Prestigious schools are often cheaper
For Australian parents earning the average income, childcare fees are higher than many private school fees, according to research by Victoria University (VU).
“The cost of childcare for families in Australia is among the highest in the world,” said report author Jen Jackson, the education policy lead at VU’s Mitchell Institute.
“And we’ve found that Australian families pay as much for childcare as they would to send their child to a private primary school.
“The important difference is when it comes to childcare, a lot of families don’t have a choice.”
The report said a family with both parents on the average salary of $85,000 would pay $5,782 a year out of pocket.
The non-government school sector estimates the median out-of-pocket cost for all private schools is $5,200.
Researchers say the value of quality childcare to a child’s long-term development cannot be underestimated.

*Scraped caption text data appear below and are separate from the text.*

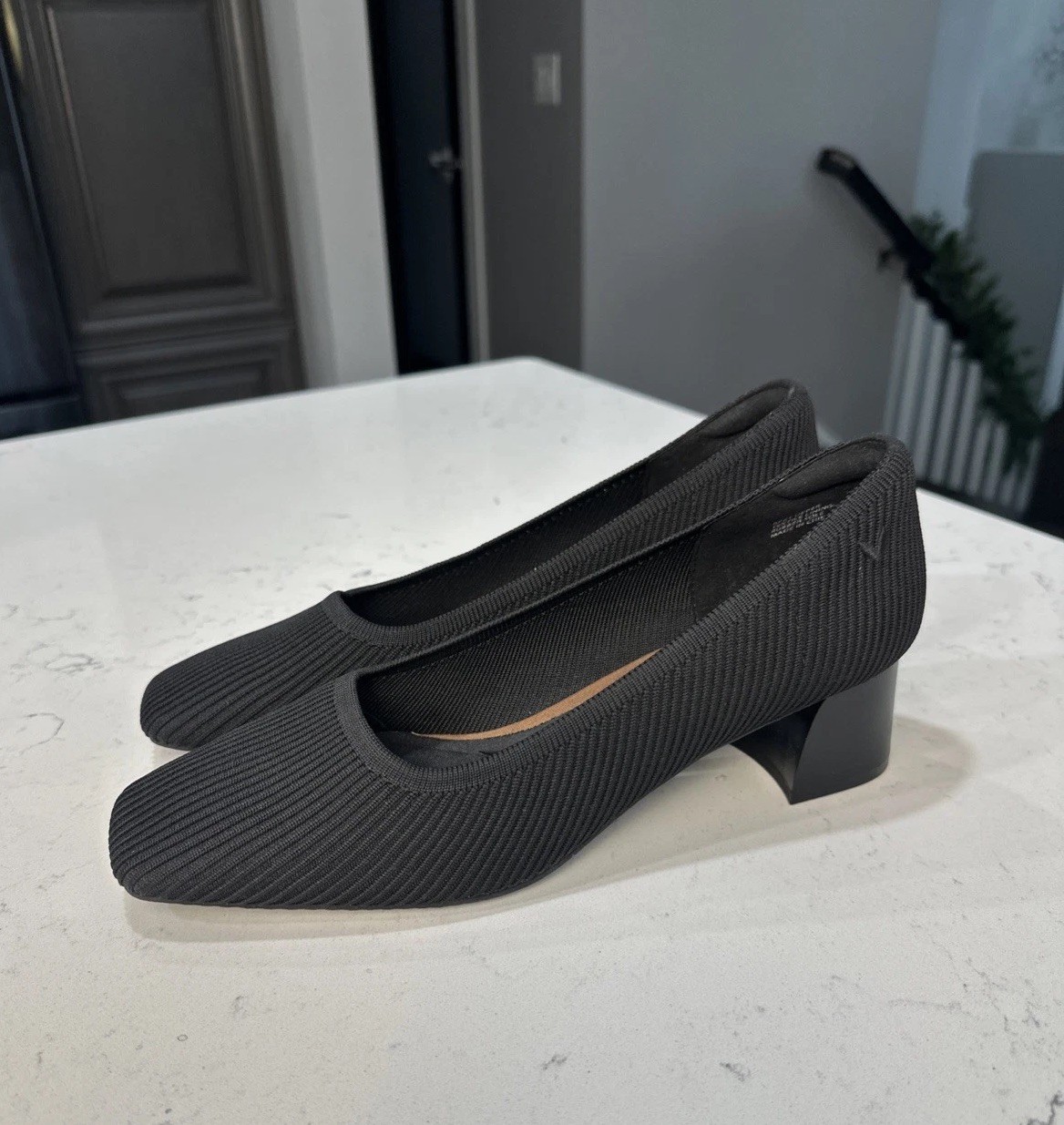 Vivaia Flats 2” Square Toe Black Knit Slip On Shoes EU 41 US 9.5-10 Comfort-image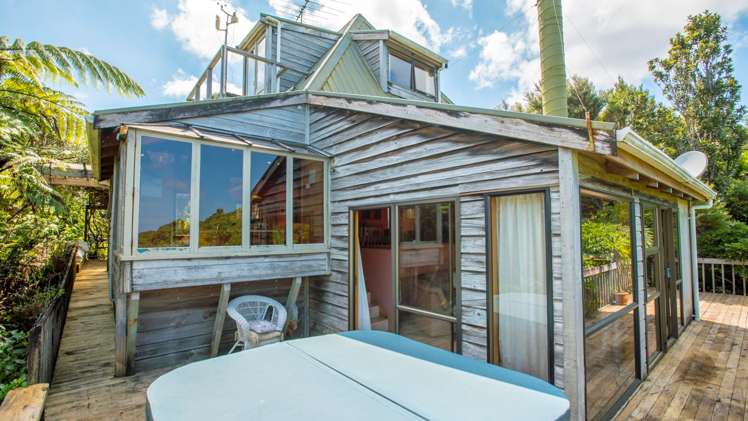 20 La Trobe Track Karekare_0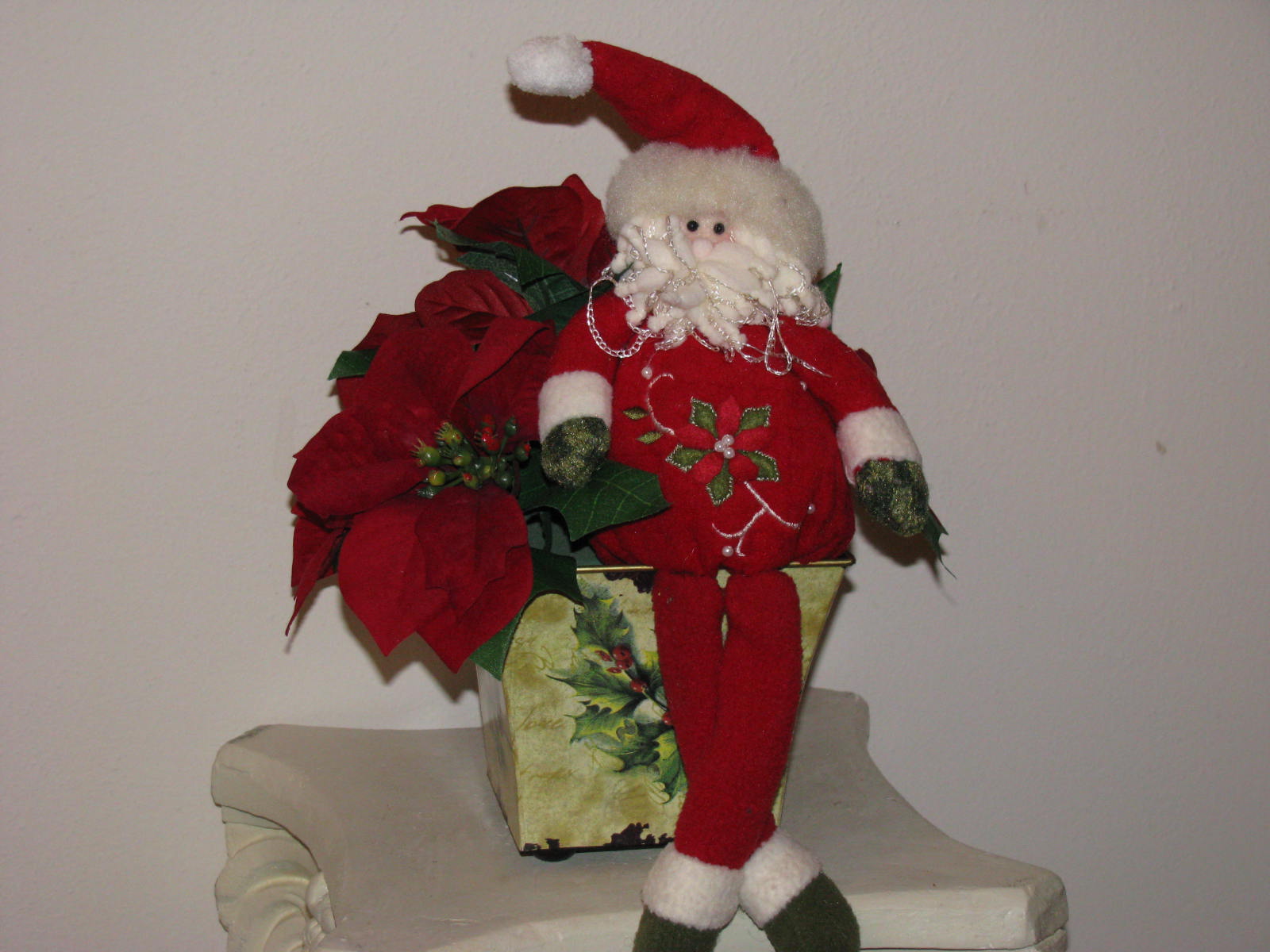 Sitting Santa Poinsettia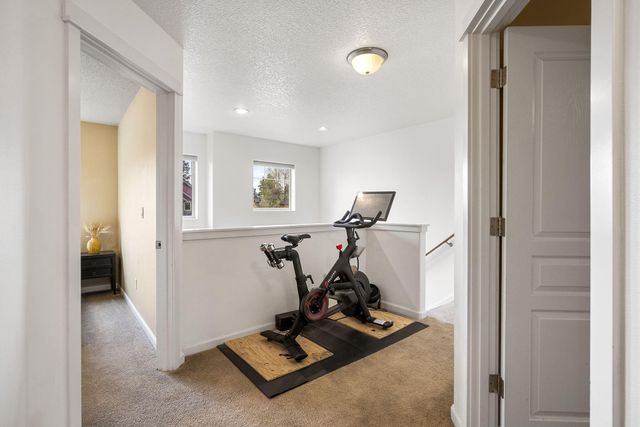 20483 Brentwood Avenue, Bend, OR 97702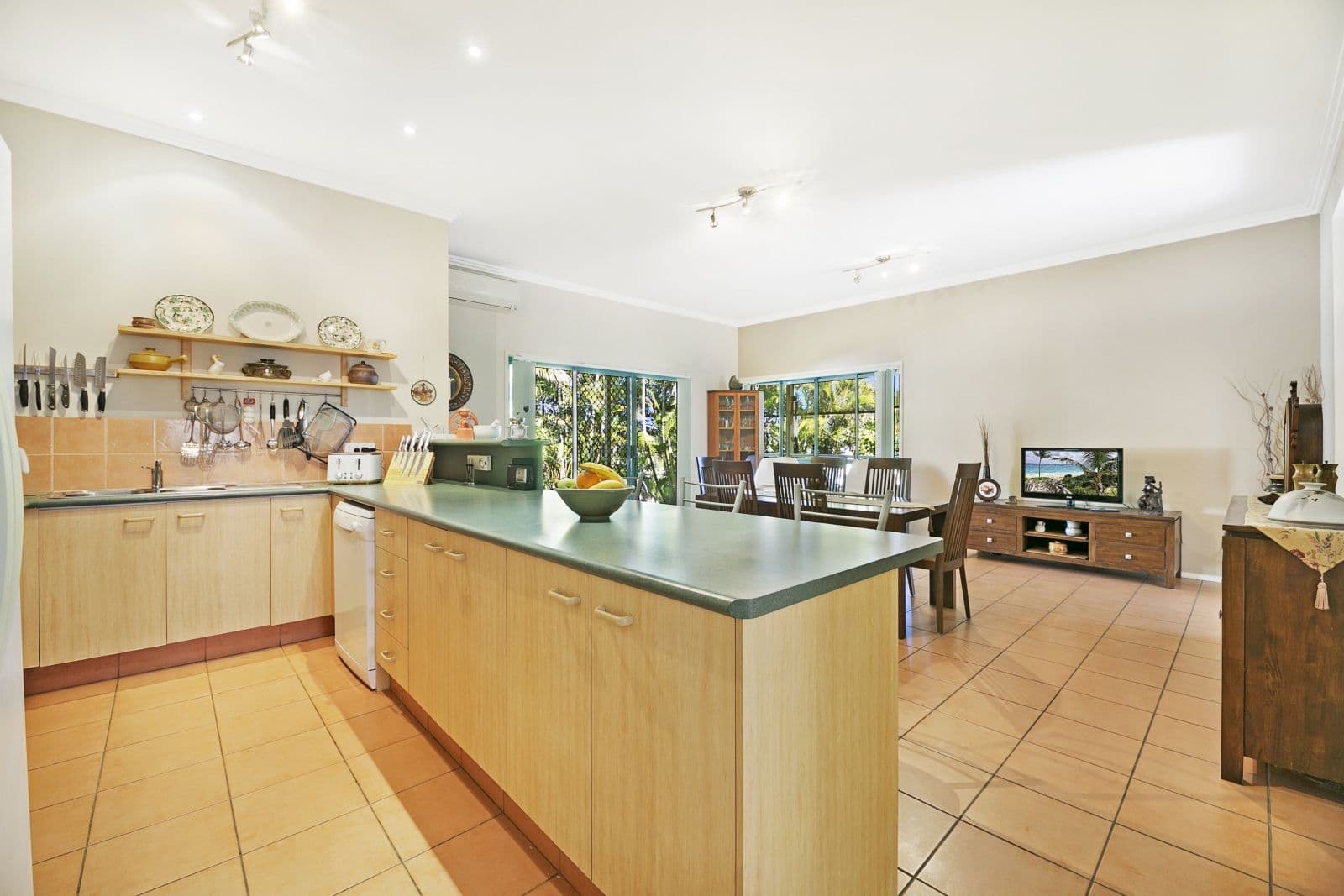 62 Ingles Circuit, Arundel QLD 4214, Arundel - Thumbnail 4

While childcare centres were once considered just “drop-off zones”, research shows good early childhood educators can significantly improve outcomes for children as they progress through primary and high school.
“High-quality preschool can put a child up to eight months ahead in their learning of where they would have been without it,” Dr Jackson said.
It’s time to fund childcare like primary schools: report
The Mitchell Institute report calls for government funding of early childhood education centres — similar to that afforded to primary schools — to ensure universal access.
It is a proposal supported by Rebecca Stiles, director of the Hillbank Community Children’s Centre in Melbourne.
She is concerned about the government subsidies offered to big corporate centres which dominate the sector — particularly at a time when demand is soaring.
“Because, for them, it’s more about making that money to line their pockets and get their big advertising budgets,” she said.
Despite the billions of dollars flowing into the sector, early childhood workers are among the lowest paid in Australia.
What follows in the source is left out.